Fans of Japanese contemporary artist Yayoi Kusama need no introduction to the Kusama pumpkin- her dotted signature motif and yes, alter ego. Her pumpkins have been famously recreated from hotel rooms to textiles and designer hand bags by Louis Vuitton. She’s even taken us inside of their surreal, organic structure, as in her Selfridges London pop-up store this time last year. So the story goes, Kusama’s family once owned a storehouse full of pumpkins during World War II, and she developed a fondness for them. Ever since, she has continually used them throughout her career as a symbol of growth and fertility.

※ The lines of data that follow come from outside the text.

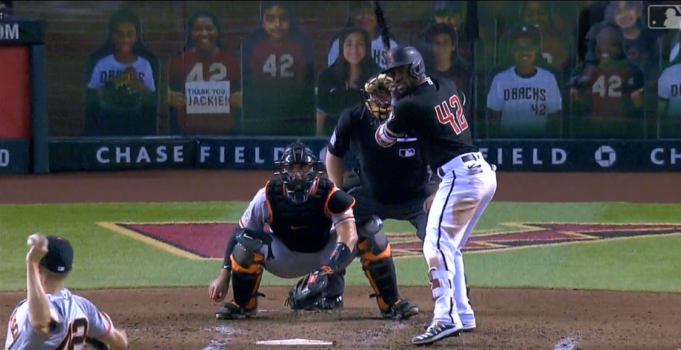 starling-marte-arizona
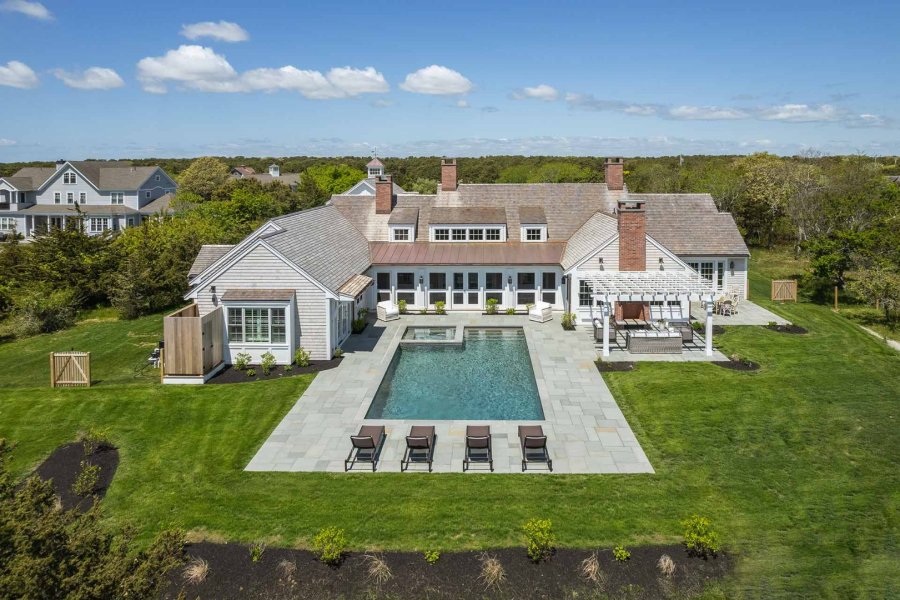 Property Photo 41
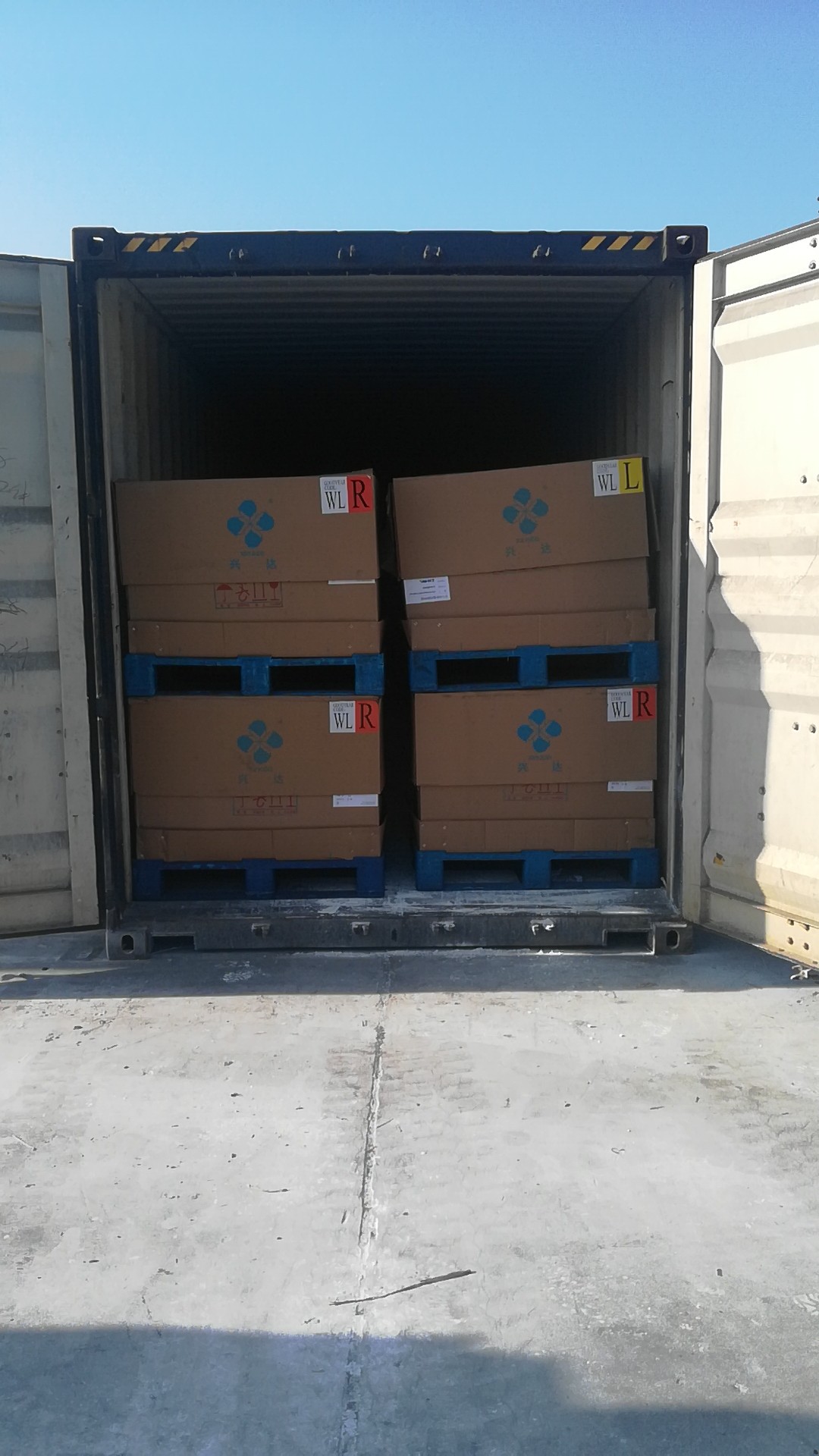 ���\(y��n)�\(y��n)ݔ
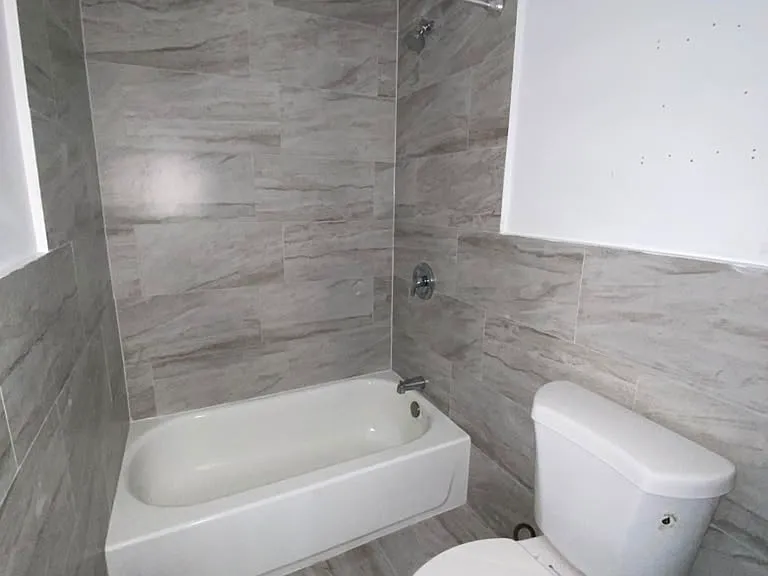 222 Sommerville Pl #3 — Photo 8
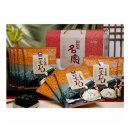 완도1호 이미지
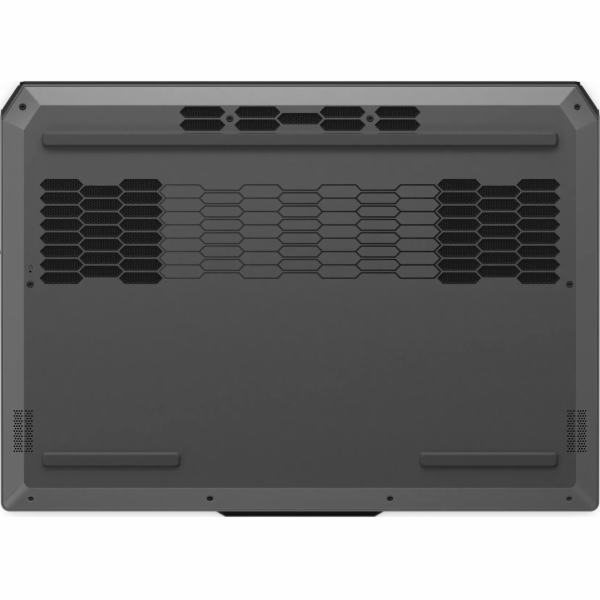 Lenovo LOQ 15ARP9 AMD Ryzen™ 5 7235HS Laptop 39,6 cm (15....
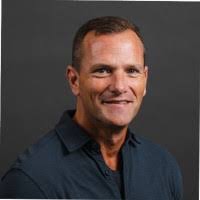 Kelly Lohan Email & Phone Number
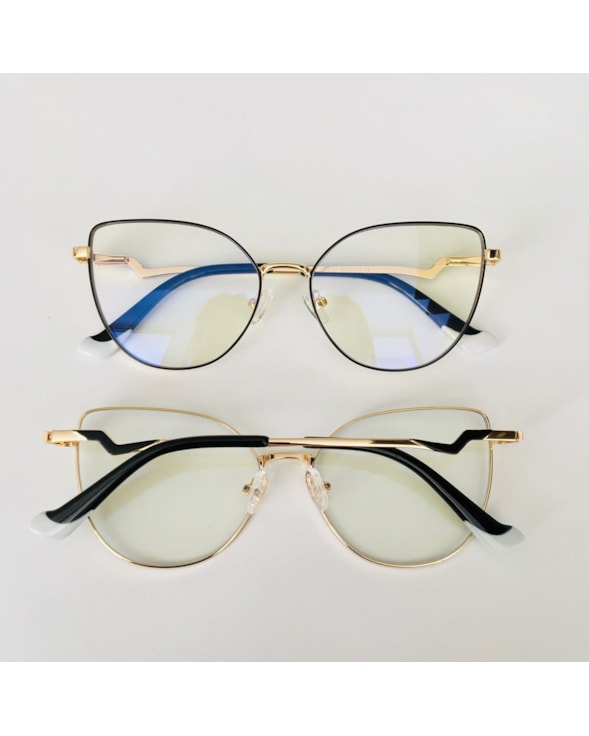 image_bac2a0f5-d118-4ce9-a2cb-de9bbd617808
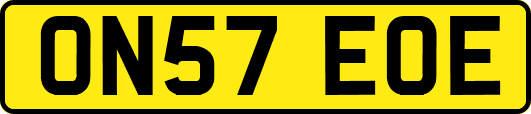 ON57EOE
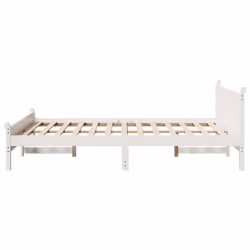 VidaXL 855586 rete a doghe - Vista aggiuntiva 5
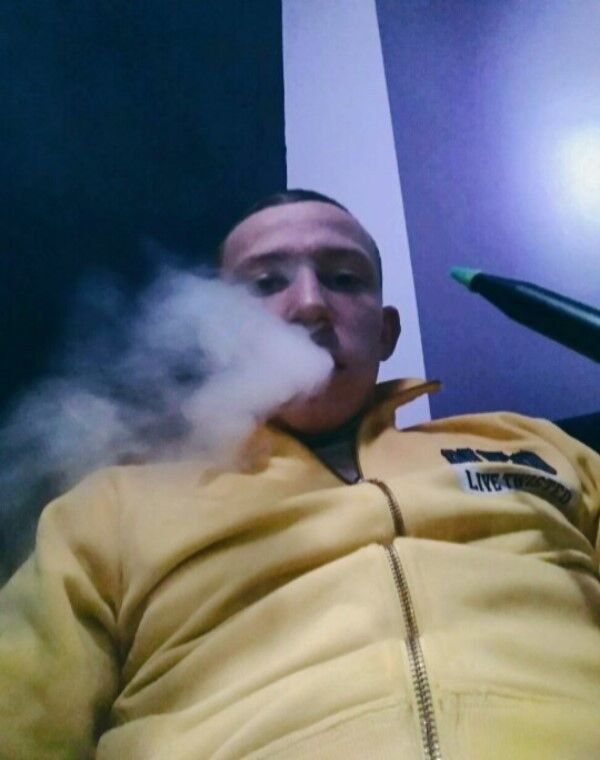  13417631  Pavel, 30 ,    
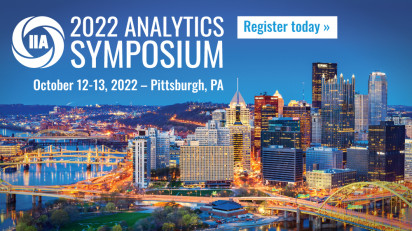 IIA 2022 Enterprise Analytics Symposium 1000px 1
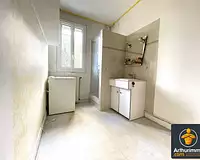 Appartement, 105,11 m²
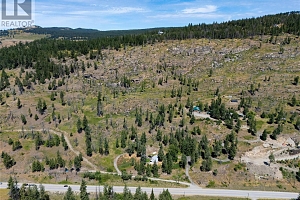 6090 Highway 33 - Photo 66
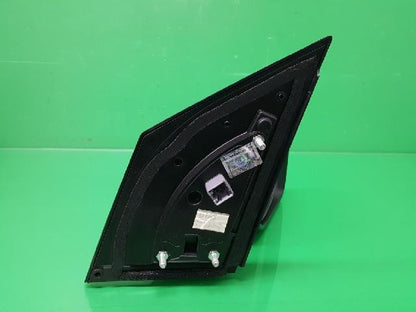 2016 KIA Picanto all new Morning Right Side Mirror 87620 1Y870AS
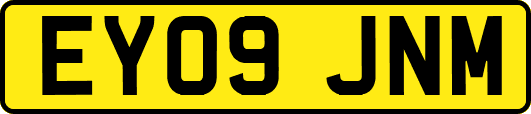 EY09JNM
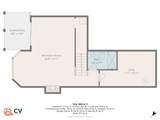 4 Manor Drive - Photo 49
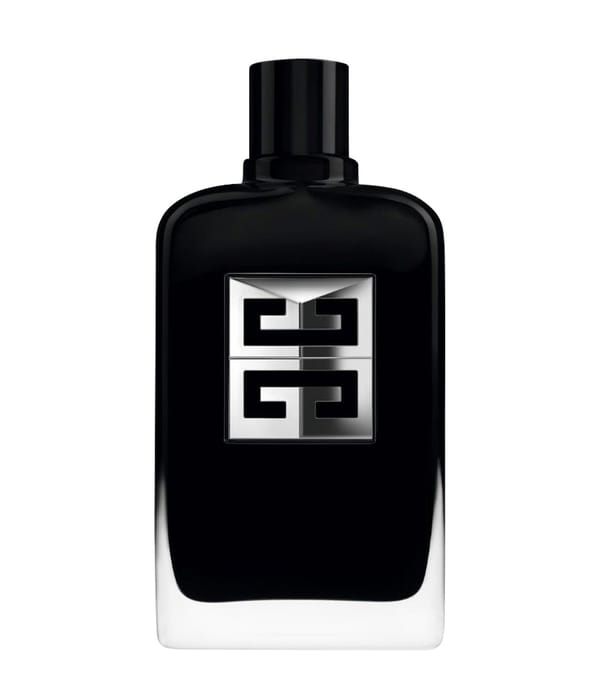 Zdjęcie produktu 1 z 3, GIVENCHY Gentleman Society Woda perfumowana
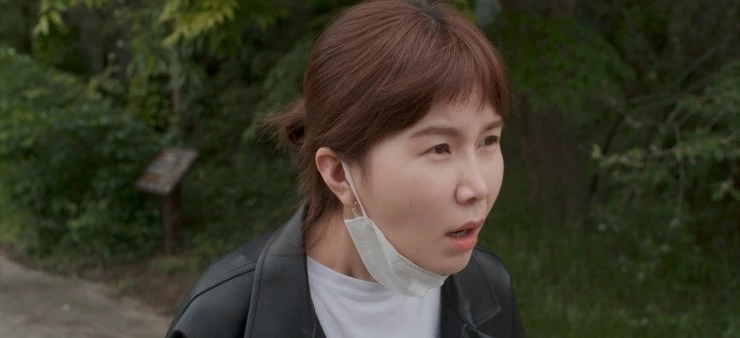 Зомби в Хэири (2020) скачать торрент файл Зомби в Хэири (2020) фильм скачать торрент файл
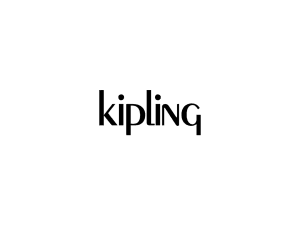 Kipling Logo to show freelance digital marketer client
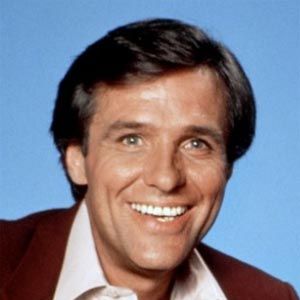 Fotoğraf Kiel Martin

Just in time for Halloween, Victoria Miro in London is showing a new body of bronze sculptures and paintings 2 years in the making, simply titled “Pumpkins”. Her sculptures are notably the first time Kusama has worked with bronze at this scale. In her own words, “‘Pumpkin head’ was an epithet used to disparage ugly, ignorant men, and the phrase ‘Put eyes and a nose on a pumpkin’ evoked a pudgy and unattractive woman. It seems that pumpkins do not inspire much respect. But I was enchanted by their charming and winsome form. What appealed to me most was the pumpkin’s generous unpretentiousness. That and its solid spiritual base”. Colorful, hard and enduring, it’s not far-fetched to assume these strange vegetables as a portrait of Kusama.
“Pumpkins” by Yayoi Kusama is now on view at Victoria Miro gallery in London through October 4th (bronze sculptures through December 19th).
Yayoi Kusama, wearing one of her “pumpkin” designs.